R- "Je ne me considère pas du tout comme un martyr. Loin de là. Ce n'est pas parce qu'une ambulance tire sur moi, et cette ambulance s'appelle Monsieur Raffarin, que je vais me considérer comme un martyr. Les attaques de la droite ne m'ont jamais ému, pas plus que les attaques d'une partie de la gauche. Je me souviens des positions qui étaient les miennes avec les Verts sur la question des sans-papiers et de la double peine. Je me souviens du ministre des Affaires étrangères tchétchène d'un gouvernement combattu par la Russie que j'ai fait entrer clandestinement à l'Assemblée nationale, alors même que le ministre des affaires étrangères de la gauche ne lui avait pas donné de visa. Je me suis fait montrer du doigt par une bonne partie du Parti socialiste, et franchement je vous assure, ça ne m'a pas gêné, ça ne m'a pas fait rougir et je ne me suis pas senti honteux ce jour-là. Ni les autres jours."

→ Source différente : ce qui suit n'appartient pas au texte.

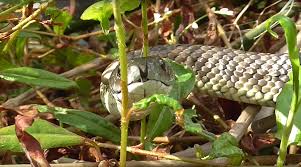 Attēlu rezultāti vaicājumam “Serpentes”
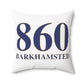 860 Barkhamsted Polyester Square Pillow
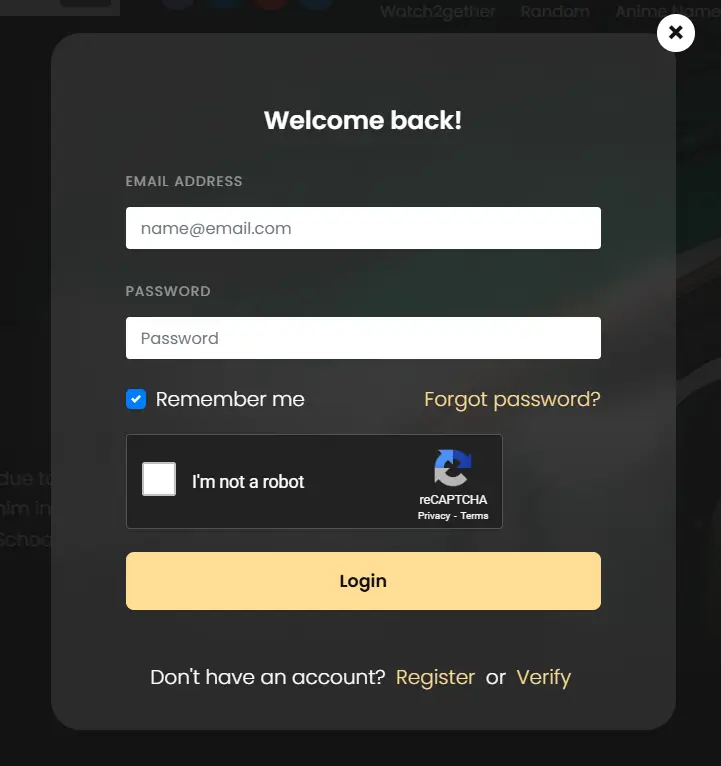 Login Interface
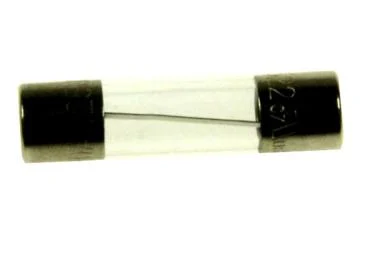 Fusible 10A référence 317710 pour Micro-ondes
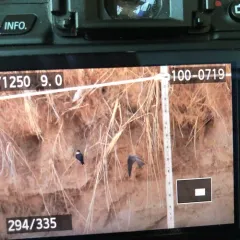 Bank Swallow thumbnail 3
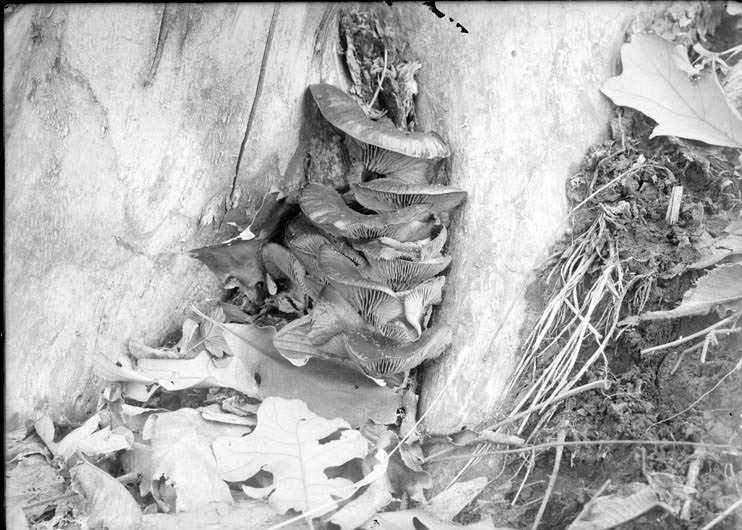 Mushroom at base of tree-Branson woods. 1919. Lancaster County. Frank H. Shoemaker (321301-A0973)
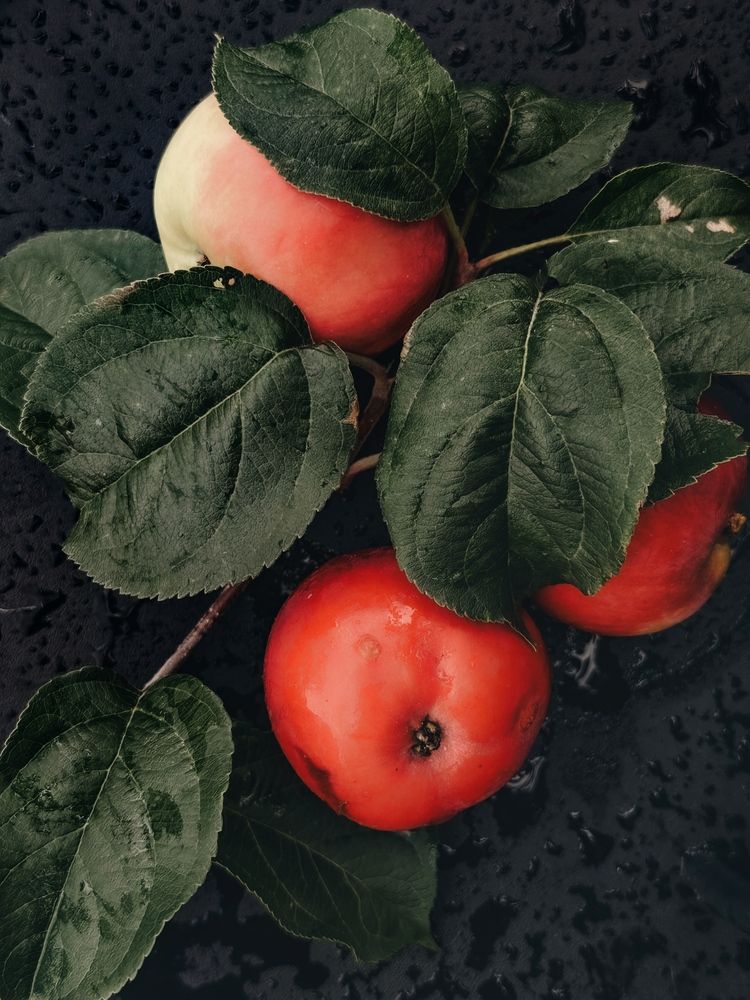 Фотография автора Ольга Князева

Q-Vous envisagez que votre mandat de maire de Bègles puisse être interrompu avant son terme avec cette histoire ?
R- "Pourquoi serait-il interrompu avant son terme ? J'ai été élu pour six ans, ce n'est pas une affaire aussi banale que celle-ci, au regard des problèmes de société, et au regard des menaces sur la planète, qui devrait empêcher que j'exerce mon mandat de maire jusqu'à son terme."
Q- Vous êtes entré en résistance Noël Mamère ?
R- "Appelez-le "résistance", c'est un joli mot. Si je pouvais être un homme politique aussi respecté que je l'ai été comme journaliste, ce serait pour moi une grande satisfaction."
Noël Mamère, qui "résiste", était l'invité d'RTL ce matin. Bonne journée.
(Source : premier-ministre, Service d'information du gouvernement, le 7 juin 2004)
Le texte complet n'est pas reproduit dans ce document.